James MacDonald, pastor of Illinois’ Harvest Bible Chapel, was responding to crude comments Trump made in a 2005 “Access Hollywood” audio recording, in which the candidate was caught on a hot mic talking how he felt free to sexually assault women because he was a “star.” MacDonald roundly condemned the idea that such language was merely “locker room banter.”
“Mr. Trump’s comments released yesterday — though 10 years ago (he was 60) — are not just sophomoric or locker room banter. They are truly the kind of misogynistic trash that reveals a man to be lecherous and worthless — not the guy who gets politely ignored, but the guy who gets a punch in the head from worthy men who hear him talk that way about women,” MacDonald wrote in an email sent to several members of Trump’s faith council.
MacDonald went on to write that he does not want to offer Trump any more of his time without seeing evidence of a “change of heart and direction.”
“If Mr. Trump isn’t seeking our counsel now— 1) to be repentant 2) on how to portray that repentance, then the idea of a faith council (which has deteriorated into influence brokering anyway) is really kind of a joke right?,” the pastor wrote in the email. “I have spent my life helping men get free from such disgusting commentary on women — even writing my doctoral dissertation on self-disclosure of sin among men.
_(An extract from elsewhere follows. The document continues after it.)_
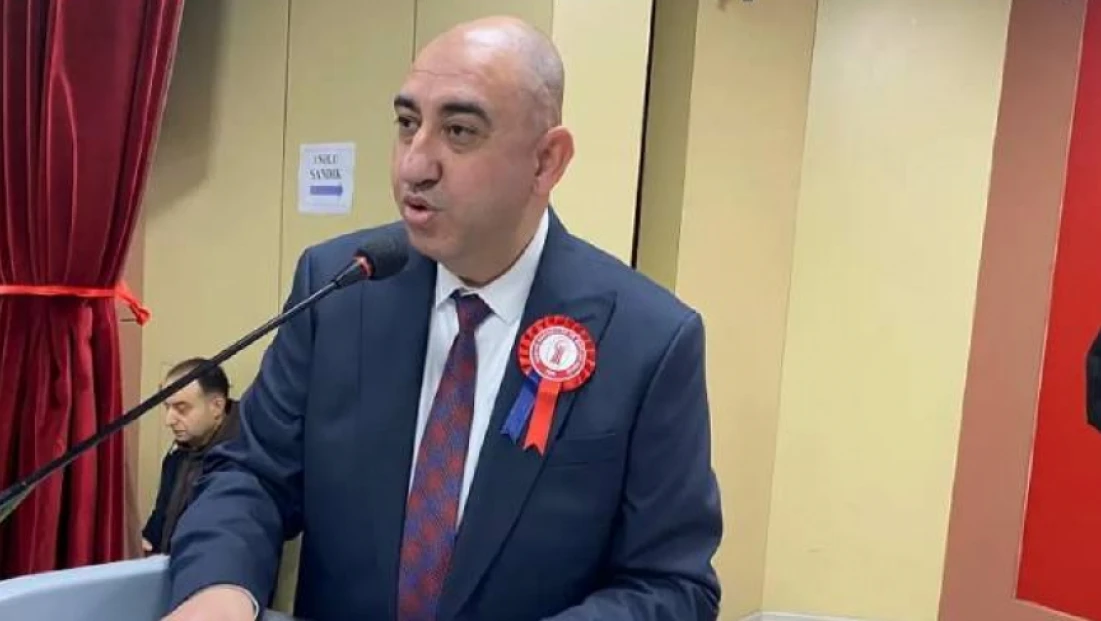 Barış Özkan Güven Tazeledi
I cannot and will not offer help to a man who believes this kind of talk a minor error.”
The email was published with MacDonald’s permission on the blog of the Wheaton College professor Ed Stetzer.
MacDonald was one of 26 Christian leaders invited to be part of Trump’s evangelical executive advisory board in June. The leaders were not required to endorse Trump to join the board.
On his own blog, MacDonald said that he was initially impressed by Trump’s “authenticity” during their initial meeting in June. Most of all, the pastor wrote that he was impressed by the candidate’s views on the economy, his Supreme Court nominees, and his interest in repealing the Johnson Amendment, which restricts churches from endorsing political candidates.
“Since that meeting late last June, I have been waiting for the ‘Faith Council‘ to become a place where counsel is given about faith, or at least where people of faith offer counsel,” MacDonald wrote on his blog. “So far, there has been none of the former and only a wee bit of the latter.”
After the video leak, several members of the advisory board indicated that they are still firmly in the Trump camp. But as a whole, Protestant pastors are having a hard time deciding whom to vote for this election cycle.
During the past two election cycles, Protestant pastors favored Republican presidential candidates by at least 35 percentage points, according to a study conducted by the Christian research firm LifeWay Research. This year, Trump is leading by only 13 percentage points. About 40 percent of protestant pastors are still undecided.
MacDonald hasn’t officially withdrawn from Trump’s advisory board, but in a conversation with The Washington Post, he said that he’s “hanging on by a thread” and wouldn’t tolerate something similar happening in the future.
“If it exceeded the previous in any category, I think that would be the end,” he said.